As it turns out, quite a while. For one thing, the game itself moved at a decidedly leisurely pace; because Woodhead and Greenberg had programmed the game in BASIC, it didn't run as quickly as it might have had it been coded closer to the metal. But even so, the volume of material present in Wizardry—the player's skills, the dungeon layout, the monster logic—ran up against the boundaries of the platform and the floppy diskettes from which the game data ran.
"We were really pushing the limits of what an Apple II could do," Woodhead says. "I mean, we were swapping things into and off of the disk like crazy. You actually had to flip the diskette when you played it so we could put the database for the game in the same place as the operating system on the other side of the disk. All sorts of really bizarre little tricks like that."

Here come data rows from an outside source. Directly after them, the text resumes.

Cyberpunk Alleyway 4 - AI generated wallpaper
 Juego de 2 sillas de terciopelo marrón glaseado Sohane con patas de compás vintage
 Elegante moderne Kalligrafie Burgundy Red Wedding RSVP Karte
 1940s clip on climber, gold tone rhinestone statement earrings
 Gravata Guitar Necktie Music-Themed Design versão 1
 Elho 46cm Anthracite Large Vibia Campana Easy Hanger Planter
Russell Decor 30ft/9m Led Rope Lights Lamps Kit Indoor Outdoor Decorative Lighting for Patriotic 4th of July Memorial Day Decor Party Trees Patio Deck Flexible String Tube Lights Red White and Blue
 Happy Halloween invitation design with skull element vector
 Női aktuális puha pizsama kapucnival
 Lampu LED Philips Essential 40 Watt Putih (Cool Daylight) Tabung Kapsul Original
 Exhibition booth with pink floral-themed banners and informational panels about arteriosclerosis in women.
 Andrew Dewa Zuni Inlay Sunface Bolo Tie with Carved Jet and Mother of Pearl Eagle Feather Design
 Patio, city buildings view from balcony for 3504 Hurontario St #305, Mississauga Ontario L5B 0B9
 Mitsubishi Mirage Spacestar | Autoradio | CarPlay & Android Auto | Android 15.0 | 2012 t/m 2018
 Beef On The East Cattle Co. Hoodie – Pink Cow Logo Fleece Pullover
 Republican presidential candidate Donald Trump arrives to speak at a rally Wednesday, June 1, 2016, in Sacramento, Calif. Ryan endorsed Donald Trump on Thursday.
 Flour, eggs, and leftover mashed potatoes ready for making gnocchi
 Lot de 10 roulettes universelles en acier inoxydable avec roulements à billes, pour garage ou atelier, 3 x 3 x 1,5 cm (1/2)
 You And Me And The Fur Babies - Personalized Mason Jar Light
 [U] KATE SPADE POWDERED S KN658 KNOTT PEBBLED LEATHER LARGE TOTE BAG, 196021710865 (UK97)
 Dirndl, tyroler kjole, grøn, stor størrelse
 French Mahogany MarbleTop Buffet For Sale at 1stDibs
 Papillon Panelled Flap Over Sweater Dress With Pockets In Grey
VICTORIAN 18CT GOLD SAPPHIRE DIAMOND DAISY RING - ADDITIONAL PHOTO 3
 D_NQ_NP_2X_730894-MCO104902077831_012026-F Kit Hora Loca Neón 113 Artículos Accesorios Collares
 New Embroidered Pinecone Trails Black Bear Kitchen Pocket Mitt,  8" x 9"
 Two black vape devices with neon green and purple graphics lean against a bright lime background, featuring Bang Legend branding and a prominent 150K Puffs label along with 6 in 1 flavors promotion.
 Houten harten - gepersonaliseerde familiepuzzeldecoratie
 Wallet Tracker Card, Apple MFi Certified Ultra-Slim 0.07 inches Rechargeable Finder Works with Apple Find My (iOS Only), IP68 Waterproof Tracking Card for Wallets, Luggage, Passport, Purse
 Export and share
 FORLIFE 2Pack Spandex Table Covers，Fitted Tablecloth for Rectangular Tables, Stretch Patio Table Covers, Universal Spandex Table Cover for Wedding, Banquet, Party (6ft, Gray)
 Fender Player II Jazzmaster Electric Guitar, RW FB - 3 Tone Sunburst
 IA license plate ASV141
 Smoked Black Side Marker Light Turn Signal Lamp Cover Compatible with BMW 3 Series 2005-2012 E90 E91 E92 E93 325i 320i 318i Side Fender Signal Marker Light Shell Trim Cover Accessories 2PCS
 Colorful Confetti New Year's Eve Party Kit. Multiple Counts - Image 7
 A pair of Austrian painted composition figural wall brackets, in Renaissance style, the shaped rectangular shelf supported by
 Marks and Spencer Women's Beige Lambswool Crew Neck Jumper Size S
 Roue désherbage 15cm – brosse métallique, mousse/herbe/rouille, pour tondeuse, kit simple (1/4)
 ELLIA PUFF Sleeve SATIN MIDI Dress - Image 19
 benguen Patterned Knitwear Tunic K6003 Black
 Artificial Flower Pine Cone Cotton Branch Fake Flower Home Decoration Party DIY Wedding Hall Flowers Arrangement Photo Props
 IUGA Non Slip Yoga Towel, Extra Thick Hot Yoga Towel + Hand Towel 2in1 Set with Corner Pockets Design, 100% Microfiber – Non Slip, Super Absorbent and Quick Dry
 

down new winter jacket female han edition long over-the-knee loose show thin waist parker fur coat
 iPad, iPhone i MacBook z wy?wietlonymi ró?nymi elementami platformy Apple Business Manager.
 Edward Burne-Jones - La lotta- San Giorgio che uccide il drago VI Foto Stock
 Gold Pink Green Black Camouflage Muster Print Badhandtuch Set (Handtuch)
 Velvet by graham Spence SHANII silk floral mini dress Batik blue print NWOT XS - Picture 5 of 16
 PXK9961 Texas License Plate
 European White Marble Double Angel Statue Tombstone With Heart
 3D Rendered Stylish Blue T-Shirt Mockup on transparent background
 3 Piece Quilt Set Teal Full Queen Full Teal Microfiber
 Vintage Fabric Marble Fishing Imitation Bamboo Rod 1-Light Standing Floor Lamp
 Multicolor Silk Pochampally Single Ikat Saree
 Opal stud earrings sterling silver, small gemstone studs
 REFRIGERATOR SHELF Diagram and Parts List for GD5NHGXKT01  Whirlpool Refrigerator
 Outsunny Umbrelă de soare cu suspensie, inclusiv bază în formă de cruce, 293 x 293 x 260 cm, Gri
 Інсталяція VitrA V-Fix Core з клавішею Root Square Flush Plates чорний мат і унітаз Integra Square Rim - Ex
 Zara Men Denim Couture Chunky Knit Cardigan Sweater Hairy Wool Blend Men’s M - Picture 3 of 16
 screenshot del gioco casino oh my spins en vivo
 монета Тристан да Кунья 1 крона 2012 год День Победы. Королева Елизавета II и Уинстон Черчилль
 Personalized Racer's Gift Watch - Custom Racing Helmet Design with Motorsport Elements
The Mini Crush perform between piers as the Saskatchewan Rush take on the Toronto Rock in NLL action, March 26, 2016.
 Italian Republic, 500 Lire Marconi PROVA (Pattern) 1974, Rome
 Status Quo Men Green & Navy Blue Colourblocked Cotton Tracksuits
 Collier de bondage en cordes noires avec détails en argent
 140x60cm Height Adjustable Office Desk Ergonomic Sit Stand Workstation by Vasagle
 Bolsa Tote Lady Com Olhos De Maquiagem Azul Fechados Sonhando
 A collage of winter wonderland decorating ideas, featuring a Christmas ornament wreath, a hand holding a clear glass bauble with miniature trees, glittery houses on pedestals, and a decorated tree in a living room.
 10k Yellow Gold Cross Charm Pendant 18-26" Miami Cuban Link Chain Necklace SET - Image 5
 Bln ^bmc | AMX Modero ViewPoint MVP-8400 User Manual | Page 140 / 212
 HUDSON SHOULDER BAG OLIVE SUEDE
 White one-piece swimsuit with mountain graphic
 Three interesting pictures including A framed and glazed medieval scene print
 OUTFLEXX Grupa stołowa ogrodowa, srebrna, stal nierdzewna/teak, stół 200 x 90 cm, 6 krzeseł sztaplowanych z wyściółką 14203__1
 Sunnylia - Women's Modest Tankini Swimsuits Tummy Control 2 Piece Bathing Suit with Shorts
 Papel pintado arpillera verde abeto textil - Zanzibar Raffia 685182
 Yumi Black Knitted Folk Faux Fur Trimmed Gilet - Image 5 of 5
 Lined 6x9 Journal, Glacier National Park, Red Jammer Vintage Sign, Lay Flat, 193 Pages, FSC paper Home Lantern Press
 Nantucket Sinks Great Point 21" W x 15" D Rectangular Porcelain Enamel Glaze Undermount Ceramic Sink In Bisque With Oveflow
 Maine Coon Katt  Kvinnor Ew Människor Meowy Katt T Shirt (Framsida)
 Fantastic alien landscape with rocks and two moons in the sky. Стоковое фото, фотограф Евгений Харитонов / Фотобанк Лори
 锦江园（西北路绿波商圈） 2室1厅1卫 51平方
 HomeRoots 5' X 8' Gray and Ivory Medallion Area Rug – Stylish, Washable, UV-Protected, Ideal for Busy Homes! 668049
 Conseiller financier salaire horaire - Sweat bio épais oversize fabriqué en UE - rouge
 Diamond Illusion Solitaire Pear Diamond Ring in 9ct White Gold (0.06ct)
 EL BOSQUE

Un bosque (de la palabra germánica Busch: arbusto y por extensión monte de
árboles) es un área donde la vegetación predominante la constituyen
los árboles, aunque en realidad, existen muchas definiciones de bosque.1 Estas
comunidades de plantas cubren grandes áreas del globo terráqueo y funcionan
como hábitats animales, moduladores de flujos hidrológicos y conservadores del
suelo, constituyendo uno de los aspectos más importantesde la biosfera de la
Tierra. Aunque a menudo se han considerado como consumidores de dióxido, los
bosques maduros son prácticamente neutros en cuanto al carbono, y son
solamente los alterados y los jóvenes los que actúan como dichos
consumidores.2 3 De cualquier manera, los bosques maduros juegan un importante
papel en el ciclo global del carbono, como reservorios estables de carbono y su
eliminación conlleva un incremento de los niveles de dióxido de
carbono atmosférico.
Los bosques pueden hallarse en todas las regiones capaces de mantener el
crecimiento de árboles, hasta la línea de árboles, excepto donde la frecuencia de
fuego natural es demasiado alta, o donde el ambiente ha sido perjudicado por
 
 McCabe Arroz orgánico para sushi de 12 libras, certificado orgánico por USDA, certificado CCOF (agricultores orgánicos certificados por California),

These tricks proved more enduring than Sir-Tech could ever have guessed. Many games have patterned themselves closely after Wizardry, perhaps most notably Etrian Odyssey and the early Shin Megami Tensei games by Atlus. Many of the details these and other derivative dungeon-crawlers (including much of developer 5pb's catalog) have internalized and perpetuated came about not as brilliant inspirations of game design but rather as reluctant workarounds for the restrictions of the Apple II platform.
Consider, for example, how many of these games give players a starting point of single town with a menu-based town interface. It's a genre standard that came into being entirely because the original Wizardry didn't have storage space to include anything else. "The reason you had to go back to the town to save was that we couldn't layer in a save code to the other areas of the game," Woodhead admits. "We would've run out of space.
"When you went into the dungeon, the town stuff just got discarded and it loaded the core dungeon code. When you got into combat, it would then throw that away, bring in the combat code. Then, when you were actually fighting, it would actually load in sub levels. That's why there was a lot of disk activity when you were fighting. We used every single [diskette] sector in the final Wizardry game—there was absolutely nothing left over. Adding a line of code that caused one part of the program to become one block bigger would break the entire game. We didn't have the space for it.
"It was a continual battle. Adding a level would have added two blocks. [The disk] was about 1Kb. Why was the dungeon 10 levels? Because that's how many levels we thought we could get away with."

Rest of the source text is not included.